The other subspecies of the cordilleran canastero differ from the nominate and each other thus:

- A. m. proxima: darker back than nominate and tawny-rufous (not intense rufous) on the tail feathers
- A. m. rostrata: darker upperparts and central tail feathers than nominate, and darker rufous in the wings
- A. m. hilereti: grayer back than nominate and rostrata
- A. m. serrana: paler and grayer underparts than nominate, but with an ochraceous tinge
- A. m. cordobae: darker and less cinnamon upperparts and less cinnamon underparts than nominate, and darkest wings and tail of all subspecies
- A. m. australis: grayer upperparts and paler and less buffy underparts than nominate, with less rufescent wing coverts

==Distribution and habitat==

The subspecies of the cordilleran canastero are found thus:

- A. m. proxima: Andes of central and southern Peru from the Department of Junín to the Department of Cuzco
- A. m. modesta: Andes of southwestern Peru and western Bolivia south into northern Chile and northwestern Argentina
- A. m. hilereti: Tucumán and Catamarca provinces in northwestern Argentina
- A. m. rostrata: eastern slope of Andes in the central Bolivian departments of La Paz and Cochabamba
- A. m. serrana: Sierra de Famatina in western Argentina's La Rioja Province
- A. m. cordobae: central Argentina
- A. m. australis: Andes and lowlands of central and southern Chile and western and southern Argentina

The cordilleran canastero primarily inhabits puna, temperate, and arid to semi-humid grasslands, often those with rocky outcrops and scattered small bushes.
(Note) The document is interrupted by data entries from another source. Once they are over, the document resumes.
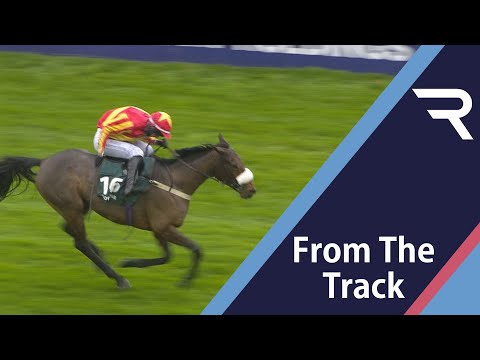 WHAT A BRAVE PERFORMANCE from Coole Cody! All the way in the Paddy Power Gold Cup - Racing TV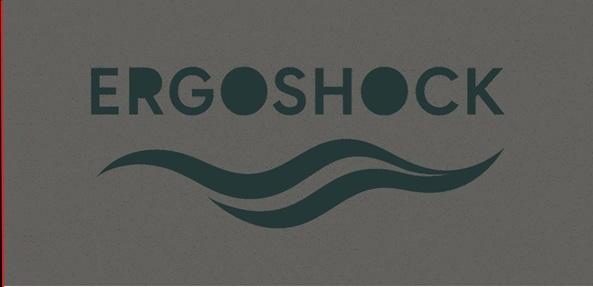 Ergoshock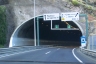 Santa Cruz East Tunnel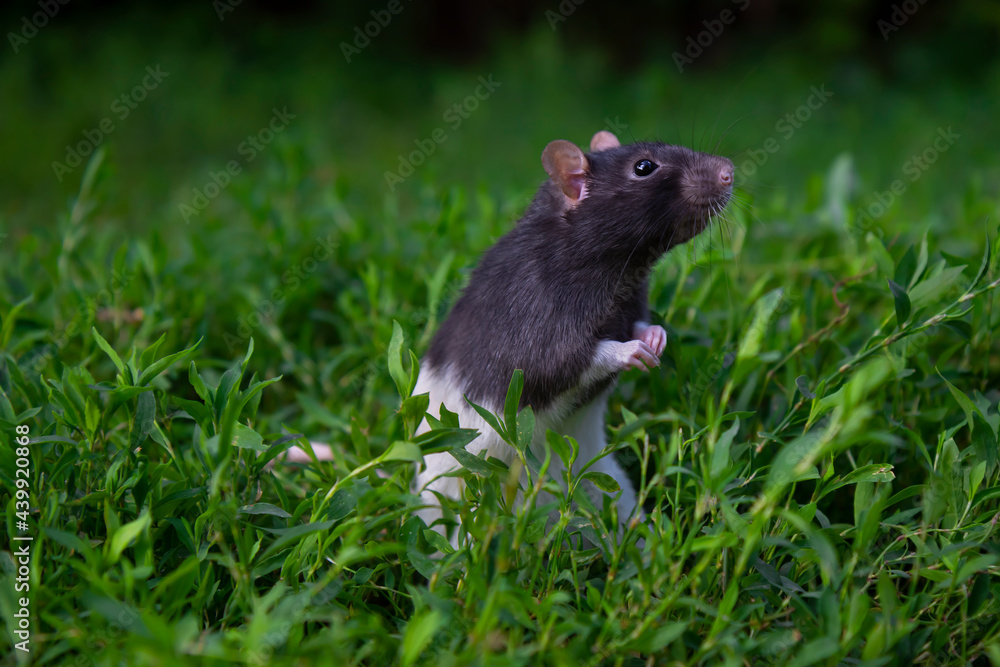 rat on grass rat on grass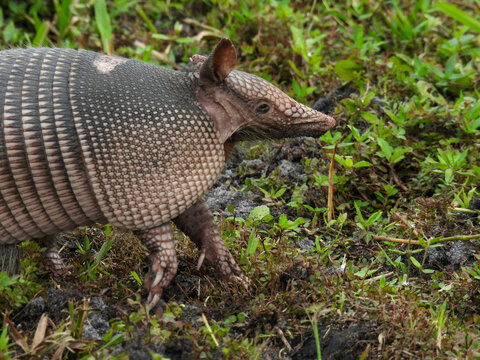 Armadilo in the Merritt Island Wildlife Refuge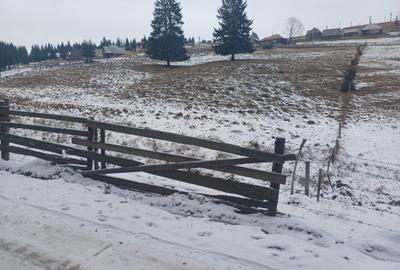 Teren agricol intravilan de 10900 mp, în Măguri-Răcătău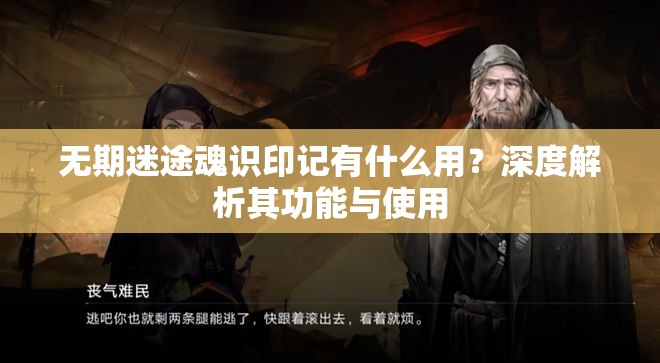 无期迷途魂识印记有什么用？深度解析其功能与使用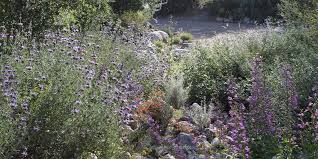 Image result for Albizia isenbergiana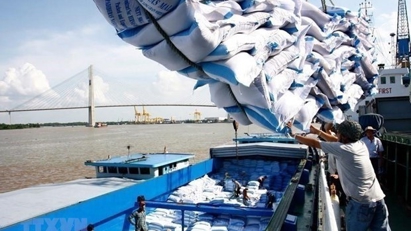 Vietnam remains biggest rice supplier to the Philippines
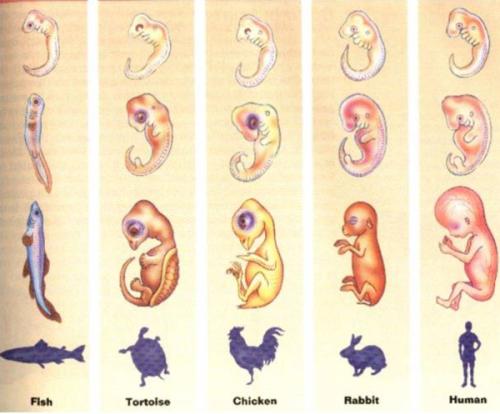 异步细胞周期阶段是动物胚胎发育关键阶段的关键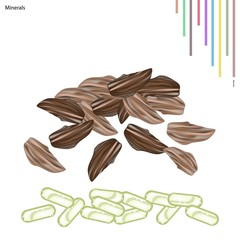 Dried Cardamom Bulbs with Vitamin and Minerals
It also occurs in arid montane scrublands, Polylepis thickets, and dry open woodlands. In elevation it ranges from near sea level to 4500 m.

==Behavior==
===Movement===

The cordilleran canastero is a year-round resident throughout its range.

===Feeding===

The cordilleran canastero feeds on arthropods. It usually forages singly but sometimes in pairs, gleaning prey mostly from the ground and to a lesser extent from low vegetation.

===Breeding===

The cordilleran canastero breeds in the austral spring and summer, roughly October to March. It is believed to be monogamous. It weaves a cylidrical or spherical nest from twigs (often thorny ones) with a side entrance, and lines the nest chamber with feathers and hair. It places it in a variety of locations including a rock crevice, a bush, a hole in a dirt bank, and another bird's abandoned nest. The clutch size is two to four eggs. The incubation period, time to fledging, and details of parental care are not known.

===Vocalization===

The cordilleran canastero's song is "an ascending fast trill that ends abruptly". It also makes a "more complex trill with introductory notes". Its calls are "a short, low 'pyup' or 'tjit' ".

==Status==

The IUCN has assessed the cordilleran canastero as being of Least Concern. It has an extremely large range and an unknown population size that is believed to be decreasing. No immediate threats have been identified. It is considered fairly common to common in much of its range. The "[h]abitat occupied by this species is generally subjected to at least moderate overgrazing".